Parameters for `Facebook_scraper(page_name, posts_count, browser, proxy, timeout, headless)` class

Parameter Name
Parameter Type
Description

page_or_group_name

String

Name of the facebook page or group

posts_count

Integer

Number of posts to scrap, if not passed default is 10

browser

String

Which browser to use, either chrome or firefox. if not passed,default is chrome

proxy(optional)

String

Optional argument, if user wants to set proxy, if proxy requires authentication then the format will be user:password@IP:PORT

timeout

Integer

The maximum amount of time the bot should run for. If not passed, the default timeout is set to 10 minutes

headless

Boolean

Whether to run browser in headless mode?. Default is True

isGroup

Boolean

Whether the Facebook target is a group or page. Default is False

username

String

username to log into Facebook when scraping (recommended to use .env)

password

String

password to log into Facebook when scraping (recommended to use .env)

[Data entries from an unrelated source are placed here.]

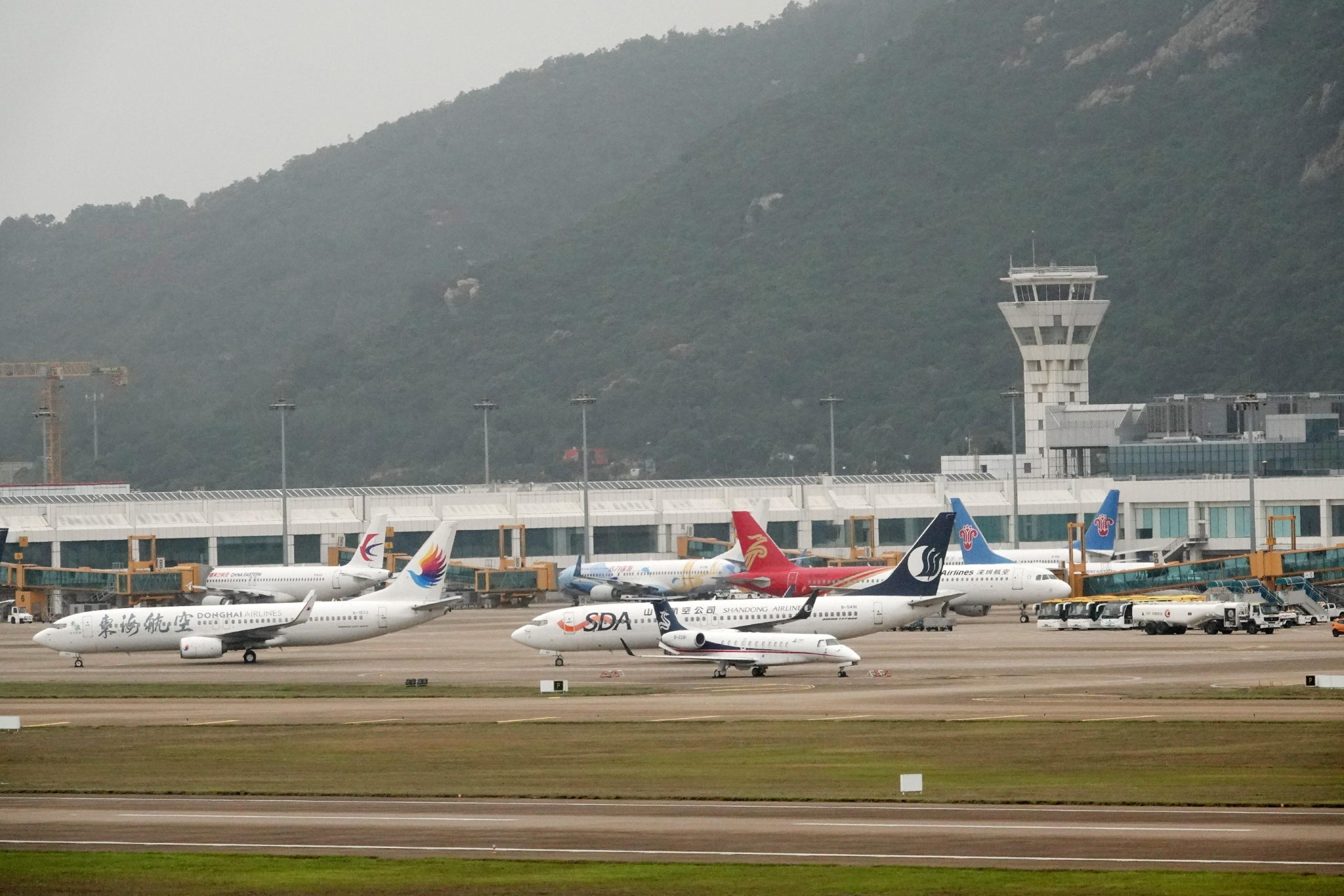 4月30日,广东珠海,珠海金湾机场落停多家航空公司的客机候客.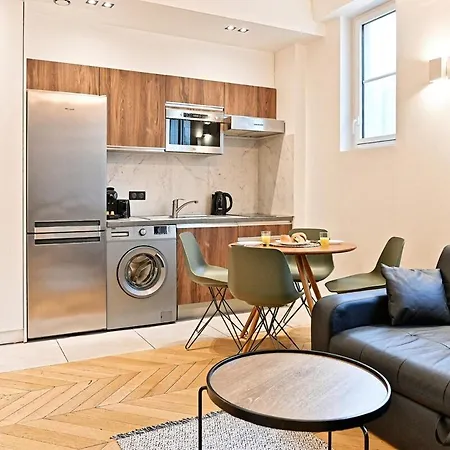 Raffine Pres De La Seine 16eme アパート パリ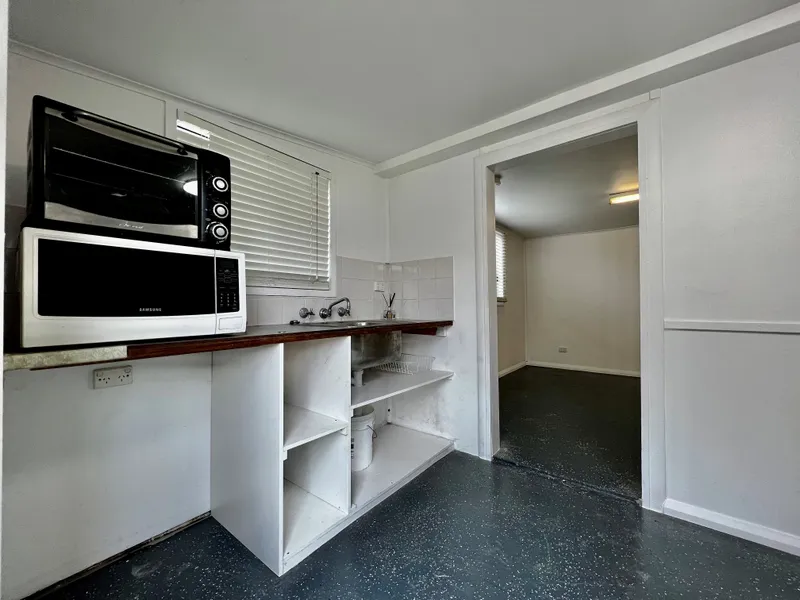 Large Studio Cabin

⚠️ Warning: Use Logged-In Scraping at Your Own Risk ⚠️

Using logged-in scraping methods may result in the permanent suspension of your account. Proceed with caution, as violating a platform's terms of service can lead to severe consequences. Exercise discretion and adhere to ethical practices when collecting data through scraping. The library/provider assumes no responsibility for any consequences resulting from the misuse of scraping methods.

Done with instantiation?. Let the scraping begin!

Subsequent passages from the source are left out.